Jordi Espina i Masramon
Ph.D. Thesis title:
Estudio e implementación de nuevas técnicas de modulación para la reducción de perturbaciones EMI en convertidores matriciales
Author:
Jordi Espina i Masramon
Director:
Antoni Arias, Josep Balcells, Carlos Ortega
Reading date:
7 de novembre de 2012
Abstract:
The energy processing using power converters has taken a remarkable importance in the last decade, and in the future it might become one of the engineering fields with greater projection.
The continuous evolution in the field of power electronics has made possible to manufacture more compact switched converters, capable of managing higher voltage and currents levels switching at higher frequency. These improvements, however, lead to the generation of electromagnetic perturbations (EMI) which fail the electromagnetic regulations.
On the other hand, the converter design using new layout topologies and a regulation law that is becoming more restrictive about EMI emissions makes essential to develop new tools capable to analyze the effects of the EMI generated.
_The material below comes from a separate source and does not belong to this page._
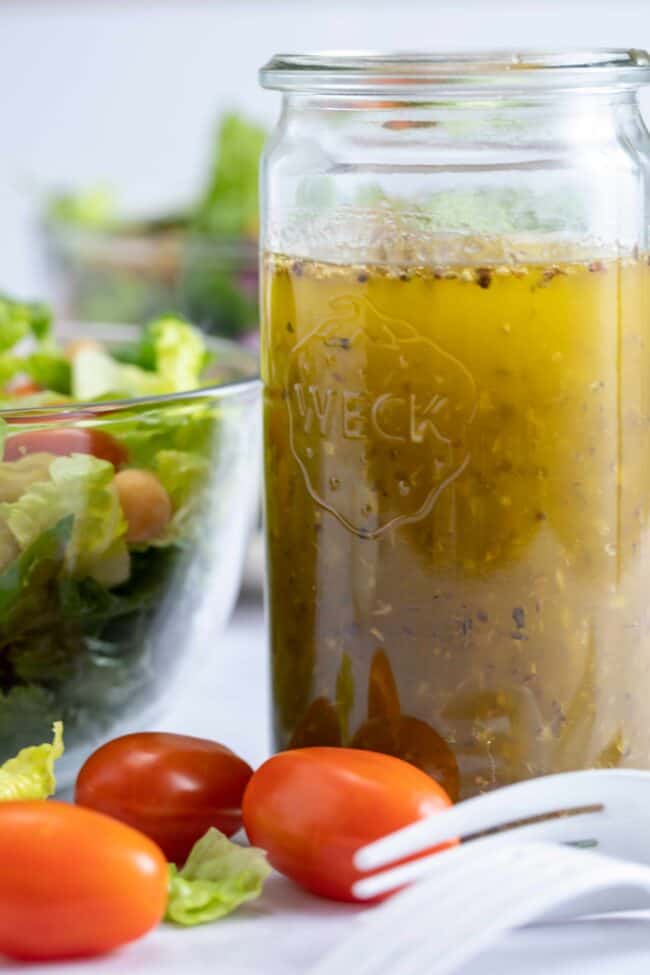 glass jar filled with Italian salad dressing. Clear glass bowl filled with salad and two forks and cherry tomatoes lay next to mason jar.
One of the emerging power converters which is currently acquiring special relevance is the matrix converter (MC). The rise of interest on this topology in recent years has been determined by different aspects, such as direct AC/AC conversion, its high power density and the absence of large reactive components for energy storage.
The work presented in this document tries to cover the study and the reduction of EMI generated by the MC.
This Phd thesis has divided in two research lines: The study of the EMI produced by MC and the prevention of the adverse effects produced by EMI.
The first research line has mainly focused on the study of EMI generated by MC of direct topology. In this study, a model to predict the conducted EMI has been developed. One of the main objectives of this model is to deliver good approximation results in short time. The strategy used has been the conducted perturbation calculation using the classification of the EMI as common mode (CM) and differential mode (DM). The method used is based on extraction of the equivalent impedance circuit. This equivalent circuit provides a true representation of the generation and propagation of EMI without the need of complex mathematical methods.
The second research line has mainly focused on the reduction of electric discharges which is produced inside of the motor bearings, which are the main cause of motor life time reduction. These electrical discharges are produced by the common mode voltage (CMV) levels and its fast time transitions (dv/dt). In order to reduce those levels, a new modulation based on the traditional Space Vector modulation (SVM) has been developed replacing the zero vectors, normally used, for the rotating ones. This vector exchange has shown a significant reduction of the CMV amplitude, and therefore the probability of electrical discharge appearing inside the motor drops considerably. Furthermore, the study analyzes the use of the active vectors with smaller amplitude to improve the modulation when small modulation index is used.
Estudio e implementación de nuevas técnicas de modulación para la reducción de perturbaciones EMI en convertidores matriciales
Author:
Jordi Espina i Masramon
Director:
Antoni Arias, Josep Balcells, Carlos Ortega
Reading date:
7 de novembre de 2012
Abstract:
The energy processing using power converters has taken a remarkable importance in the last decade, and in the future it might become one of the engineering fields with greater projection.
The continuous evolution in the field of power electronics has made possible to manufacture more compact switched converters, capable of managing higher voltage and currents levels switching at higher frequency. These improvements, however, lead to the generation of electromagnetic perturbations (EMI) which fail the electromagnetic regulations.
On the other hand, the converter design using new layout topologies and a regulation law that is becoming more restrictive about EMI emissions makes essential to develop new tools capable to analyze the effects of the EMI generated.
One of the emerging power converters which is currently acquiring special relevance is the matrix converter (MC). The rise of interest on this topology in recent years has been determined by different aspects, such as direct AC/AC conversion, its high power density and the absence of large reactive components for energy storage.
The work presented in this document tries to cover the study and the reduction of EMI generated by the MC.
This Phd thesis has divided in two research lines: The study of the EMI produced by MC and the prevention of the adverse effects produced by EMI.
The first research line has mainly focused on the study of EMI generated by MC of direct topology. In this study, a model to predict the conducted EMI has been developed. One of the main objectives of this model is to deliver good approximation results in short time. The strategy used has been the conducted perturbation calculation using the classification of the EMI as common mode (CM) and differential mode (DM). The method used is based on extraction of the equivalent impedance circuit. This equivalent circuit provides a true representation of the generation and propagation of EMI without the need of complex mathematical methods.
The second research line has mainly focused on the reduction of electric discharges which is produced inside of the motor bearings, which are the main cause of motor life time reduction. These electrical discharges are produced by the common mode voltage (CMV) levels and its fast time transitions (dv/dt). In order to reduce those levels, a new modulation based on the traditional Space Vector modulation (SVM) has been developed replacing the zero vectors, normally used, for the rotating ones. This vector exchange has shown a significant reduction of the CMV amplitude, and therefore the probability of electrical discharge appearing inside the motor drops considerably. Furthermore, the study analyzes the use of the active vectors with smaller amplitude to improve the modulation when small modulation index is used.